François est un jeune prof de philo qui a fait de l’indécision un art de vivre. Archétype du fils de bourgeois parisien propre sur lui, il est suffisamment intelligent pour parfaitement analyser cette vacuité qui est au centre de sa vie. Sans grande ambition, sans grand éclat, il est avec les femmes comme avec le reste: il ne s’attache pas. Chez lui, c’est un choix, une volonté, une philosophie.
Un jour, il est nommé dans une ville du nord de la France, et c’est là qu’il va découvrir Jennifer, la petite coiffeuse, jolie, posée et gentille, et inculte. A Paris, il ne l’aurait pas regardée. Mais dans cette ville où il est seul, il l’invite à prendre un verre. S’ensuit une relation étrange, inattendue et passionnelle, que les conventions vont bien entendu, un jour ou l’autre, briser.

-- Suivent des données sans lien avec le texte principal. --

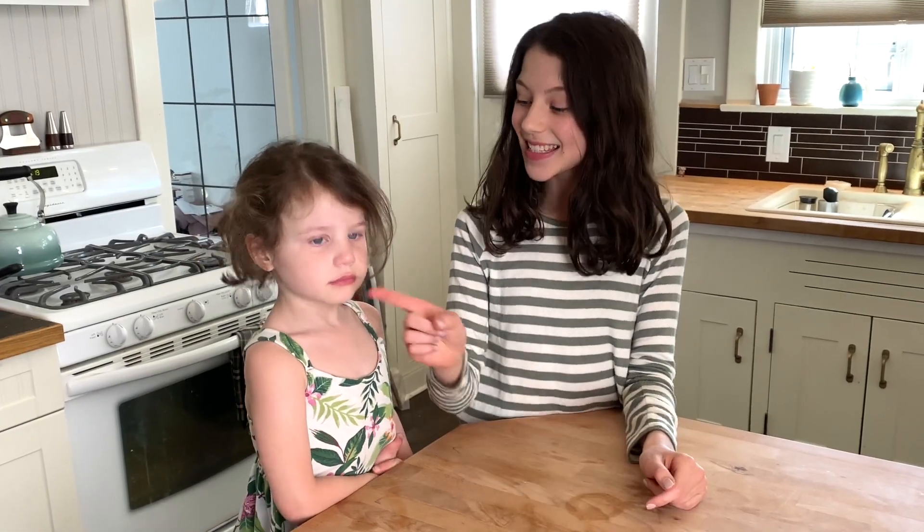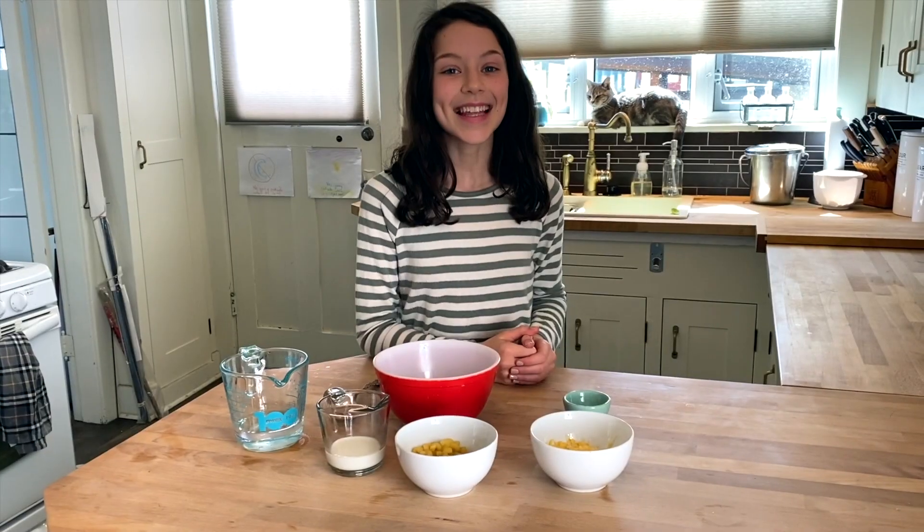Hi, I'm Lila and this is my sister Edie. So who here is a fan of mac and cheese? Looks like we have a fan. Well today we are going to be teaching you a macaroni and cheese microwave hack. Let's get cooking.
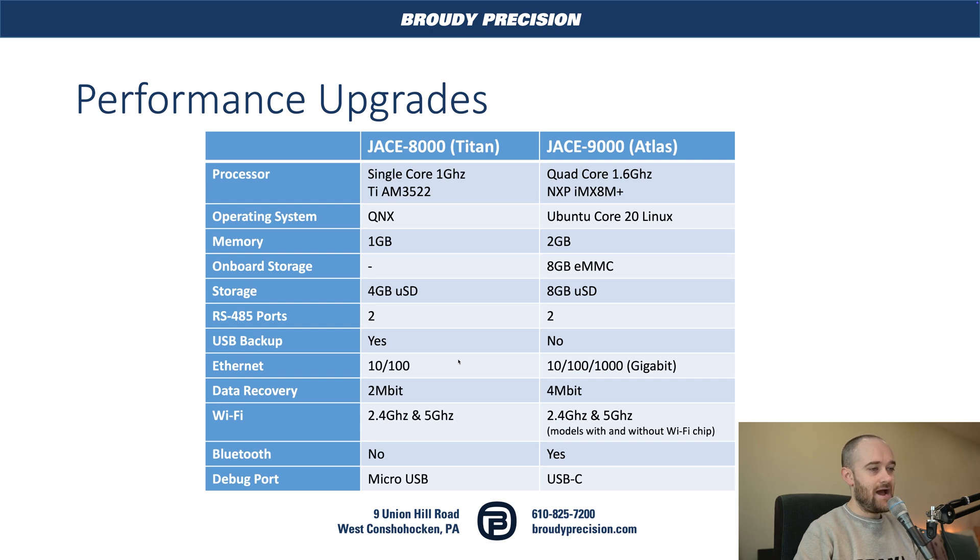On the performance side, the actual hardware itself — the big change you'll hear the most about is that the processor was significantly upgraded. We're now using a quad-core processor at 1.6 GHz, as opposed to the single-core 1 GHz processor on the 8000. The 9000 is now using Ubuntu Linux as opposed to QNX, which was used on the 8000, allowing Tridium to add more features in the future. Memory was doubled from the 8000. You now have 8 GB of onboard storage, matched by the 8 GB SD card — compared to only 4 GB on the 8000's SD card.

Cela fait des années que, livre après livre, Philippe Vilain ausculte la passion amoureuse. «Il y a deux écoles d’écrivains, fait-il remarquer. Ceux qui changent sans cesse de sujet et ceux qui ressassent, qui ont un thème de prédilection.» Il ne fait aucun doute qu’il appartient à la seconde, à laquelle il rattache d’emblée Modiano.
On rencontre Philippe Vilain autour d’un café, à deux pas de sa maison d’édition. Il a une allure de lycéen à l’ancienne, on l’imagine depuis toujours soucieux d’être le premier de la classe, ce qui cache probablement une certaine dose d’angoisse, comme il l’expliquait dans son texte précédent, "Confessions d’un timide". Cultivé et même érudit, Philippe Vilain a donc en littérature choisi de parler d’amour. Eh bien, parlons d’amour.
Couples mixtes. Son nouvel opus, "Pas son genre", reprend d’ailleurs une thématique déjà explorée dans un de ses premiers livres, "Le renoncement", soit la différence de classe sociale, et la différence culturelle, au sein d’un couple.
Pourquoi revenir de nouveau sur le sujet? «J’ai estimé que je ne l’avais pas assez travaillé en profondeur, répond l’auteur. Peut-être qu’à l’époque je n’avais pas la maturité nécessaire pour bien l’analyser.»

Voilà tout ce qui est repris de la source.